According to Gregory King, national saving in England at the end of the seventeenth century amounted to less than 5 percent of national income. England at this time was one of the richest preindustrial societies that ever existed, but it was not characterized by a particularly high concentration of income; quite the contrary. A poorer economy with a higher concentration of income could have saved well above the 5-percent level.66

Imposing cathedrals, splendid abbeys, sumptuous residences, and huge fortifications are there to testify that a sizable surplus must have been available for substantial investments.
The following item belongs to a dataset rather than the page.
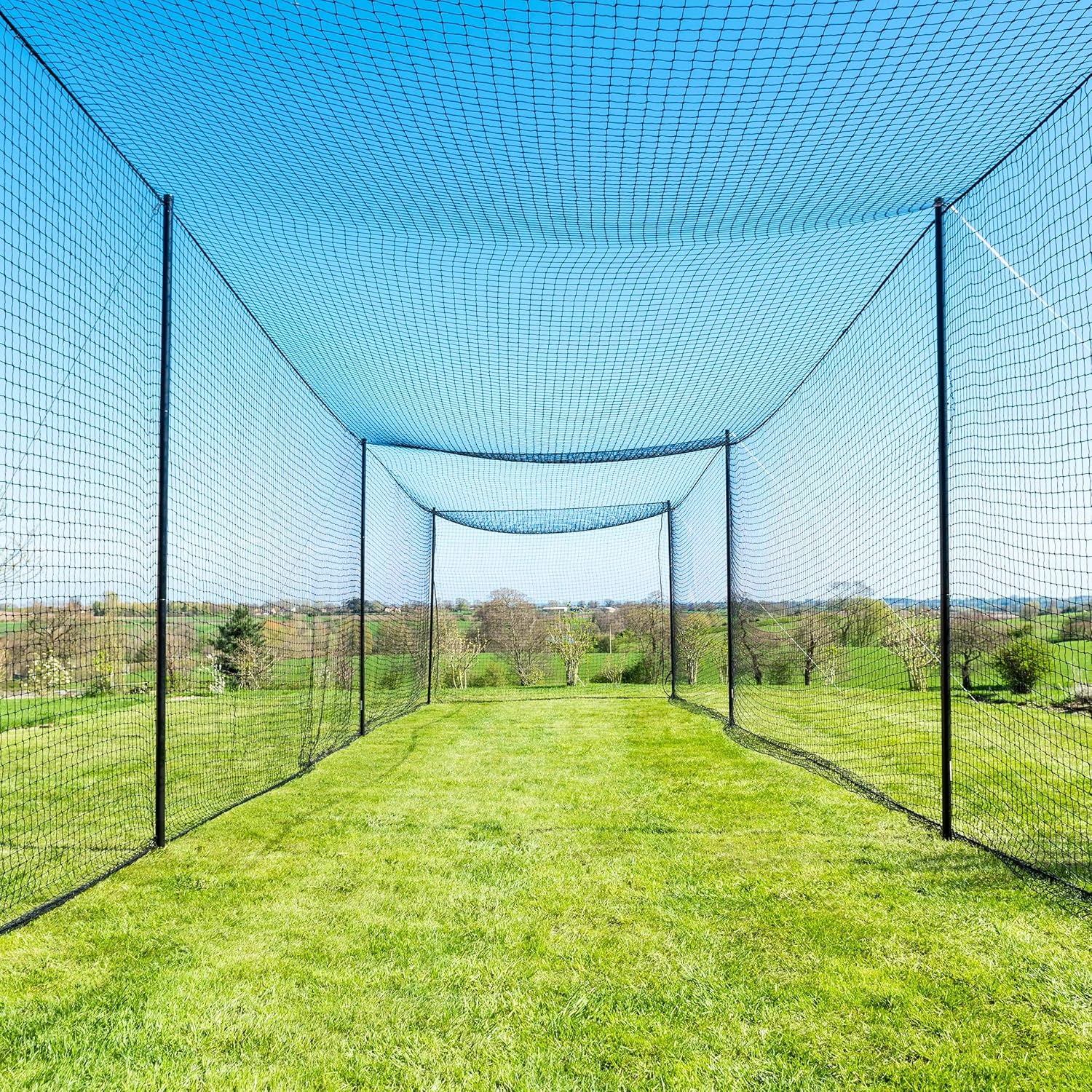 Baseball Batting Cage with Steel Poles and Netting K7m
The generally low level of incomes impeded the accumulation of savings, but the concentration of income facilitated it. The proportion of income saved was the result of these two opposing forces. Taking all factors into consideration, one can assume that, according to locally prevailing conditions, European preindustrial societies could in “normal” years save between 2 and 15 percent of income. An industrial society in “normal” years saves from 3 to 20 percent of its income. The substantial difference, however, is that an industrial society can attain such levels of saving while still providing the masses with a high level of consumption, while the preindustrial societies were in a position to save only if they succeeded in imposing miserably low standards of living on a large proportion of the population. Moreover, “normal” years are the standard for industrial societies, but the word “normal” acquires an ironic flavor when applied to preindustrial Europe. In those days life was hard: tears followed laughter, tragedies followed feasts with great frequency and intensity. The violent fluctuations in human mortality were a reflection on this general variability. Years of fat cattle, during which it was possible to save, were followed by years of lean cattle, during which saving took on negative value. Averaging would make little sense, because it would cancel out one of the main characteristics of the period, namely, the violent contrasts from one year to the next.
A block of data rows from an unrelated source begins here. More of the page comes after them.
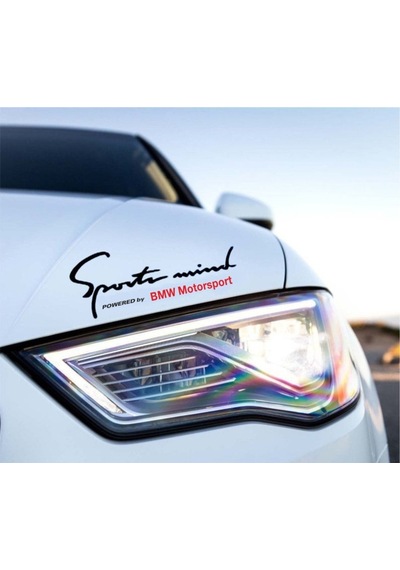 Motorsport Mind Kaput Üzerinde Araba Sticker Yapıştırması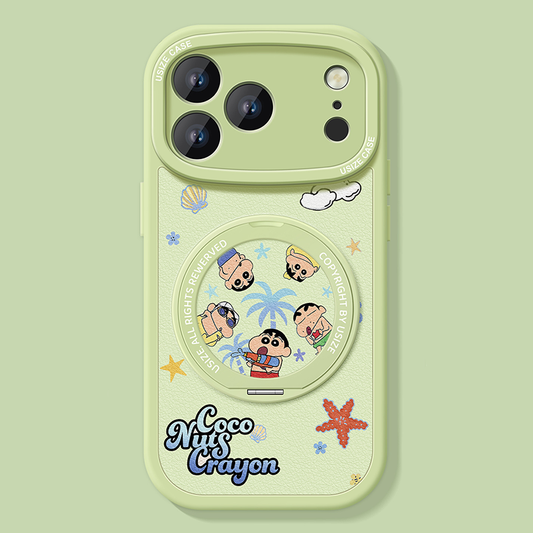 しっかり保護 iPhone機種に対応 360度回転スタンド スマホケース C-80012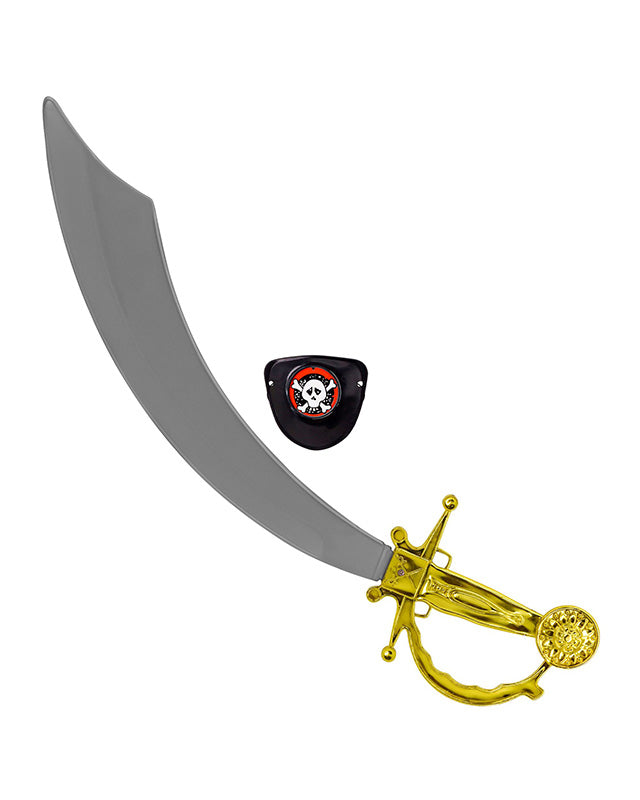 Pirate Sword & Eye Patch - 47 cm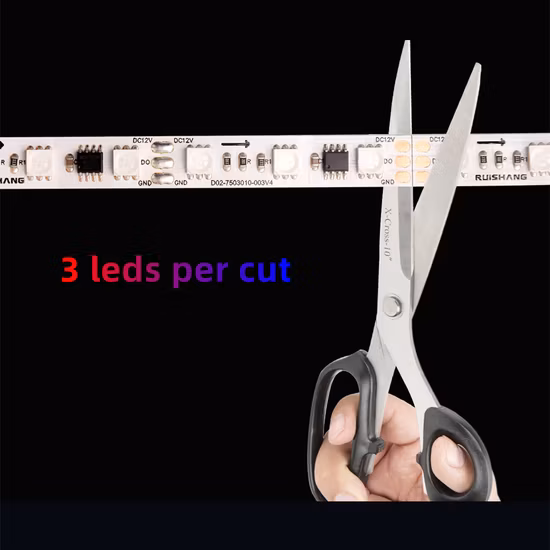 24V 追跡 CE RoHS 120LED Ws2811 2835 3000K 4000K 6000K RGB Strisce LED ダコルサ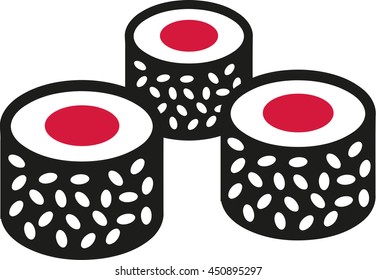 Sushi - california rolls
Income is spent on the acquisition of goods and services. In turn, expenditure creates new income in the form of wages, profits, interest, and rents. Thus the flow of monetary income becomes circular. The flow, however, has a critical point at which various mechanisms must insure its continuity. The mechanisms in question must insure that the monetary income which is not spent on consumption will not lay idle but will instead be borrowed by people who will spend it on capital goods – in other words, that saving will be converted into investment.

If the money saved or part of it remains unspent, the volume of the flow is correspondingly reduced and the economy becomes subjected to deflationary pressures. If the process continues, the contraction of the flow can actually reach a level at which no further saving is possible.

In a modern economy monetary savings reach the money market and the main problem is to ensure that there are enough people and/or institutions willing to borrow it for investment purposes. In preindustrial Europe, however, large amounts of monetary savings were often hoarded, that is, they did not reach the financial market (which existed only in primitive forms) and remained idle under mattresses or in pots or strong boxes. The trap of hoarding was, in fact, very effective. Archeological evidence in this regard is overwhelming. It is enough to open at random a journal of numismatics and one encounters an endless list of hoards discovered accidentally. Take for example the 1962 issue of the French Revue numismatique; it reported the following findings which had come to notice that year:

early in 1954, at Courcelles-Frémoy, while repairing a well a mason found a copper vase containing more than 13,000 coins dating from the thirteenth century, an equivalent of approximately 13 kilograms of silver; in January 1960, during the demolition of the church of St Hilaire at Poitiers, workers found a bag containing more than 490 gold coins of the sixteenth and seventeenth centuries, each coin weighing approximately 3.5 grams;

at Easter 1960, while leveling the border of a country road, a worker discovered a pot containing 280 coins of vellon, dating from the thirteenth and fourteenth centuries;

early in 1961, while demolishing a wall at a farm in Chappes, a farmer uncovered a pot containing 640 coins dating from the twelfth and thirteenth centuries;

in October 1961, at Vancé (Mayenne), while bulldozing a wall, a farmer uncovered three pots containing 5 silver coins, 12 coins of vellon and 4,483 copper coins, all dating from the sixteenth and seventeenth centuries;

in March 1962, while excavating land to make foundations for a new building at Montargis, construction workers found 132 gold coins dating from the period 1445–1587.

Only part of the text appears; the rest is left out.